*YOUR OBJECTIVE*: Every record must come back unchanged, apart from the pictures, which are dropped.

- Opening Delimiter -

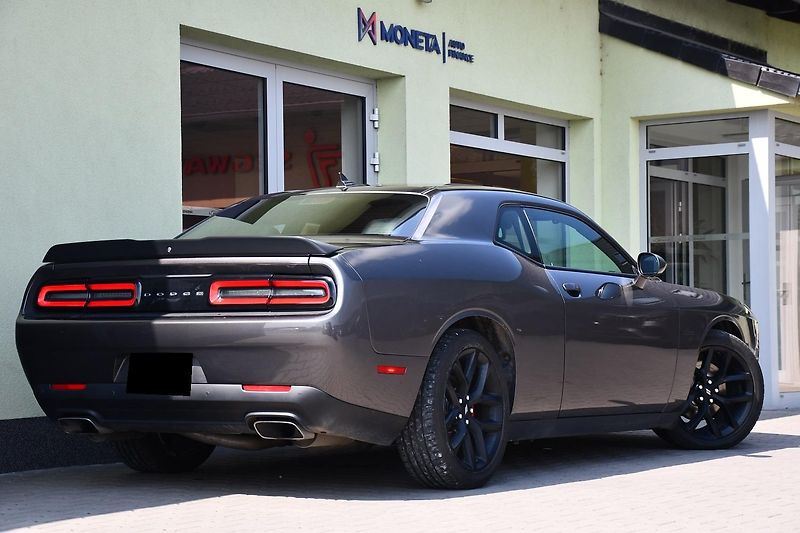 Dodge Challenger 5.7 V8 HEMI - fotka 5 z 41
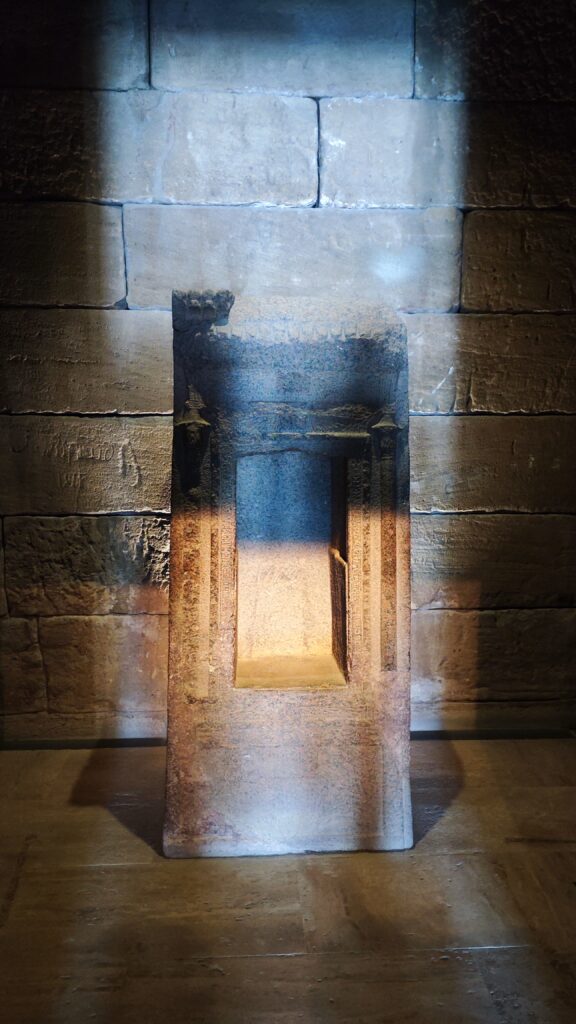 Naosul lui Ra din interiorul templului din Debod, Madrid foto Turism Istoric
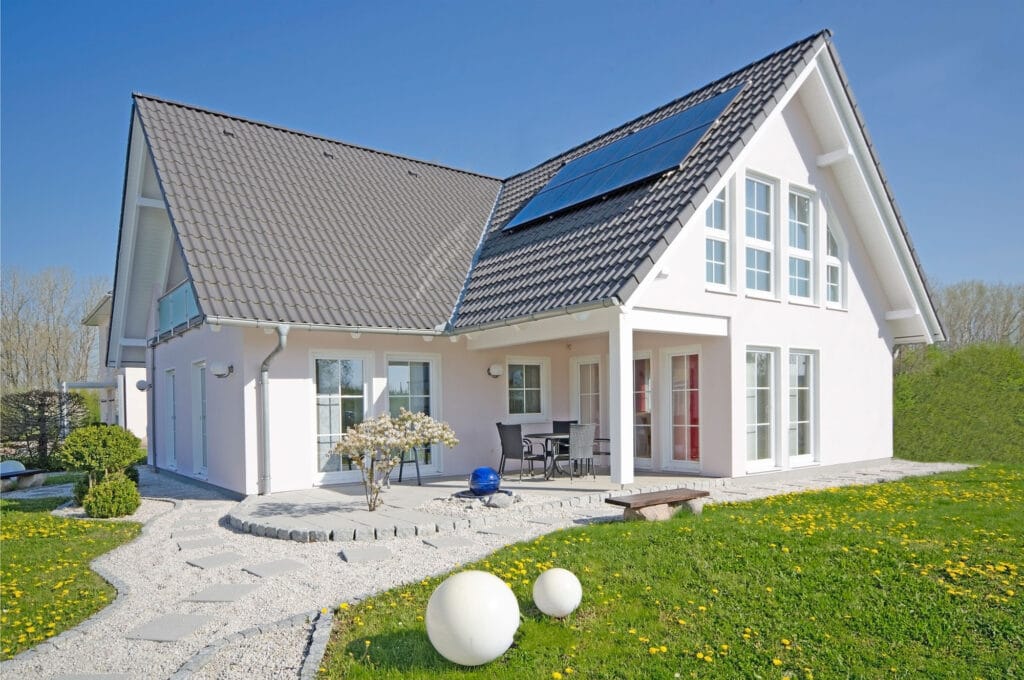 نمای ساختمان سفید: راهنمای جامع انتخاب، طراحی و نگهداری - AdobeStock 108767746 نمای سفید و سبکهای معماری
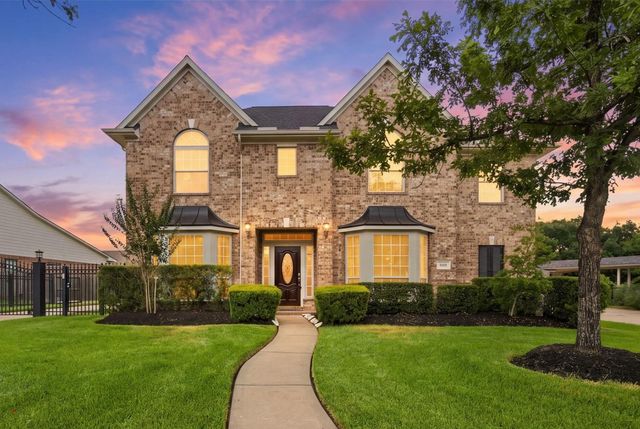 15806 Applerock Trl — Fairfield Village West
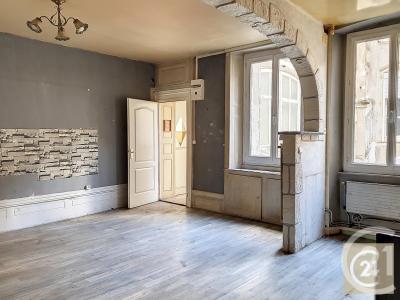 Mirecourt, Lorraine 88500, Pháp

- Closing Delimiter -

*RESPONSE*:
 Dodge Challenger 5.7 V8 HEMI - fotka 5 z 41
 Naosul lui Ra din interiorul templului din Debod, Madrid foto Turism Istoric
 نمای ساختمان سفید: راهنمای جامع انتخاب، طراحی و نگهداری - AdobeStock 108767746 نمای سفید و سبکهای معماری
 15806 Applerock Trl — Fairfield Village West
 Mirecourt, Lorraine 88500, Pháp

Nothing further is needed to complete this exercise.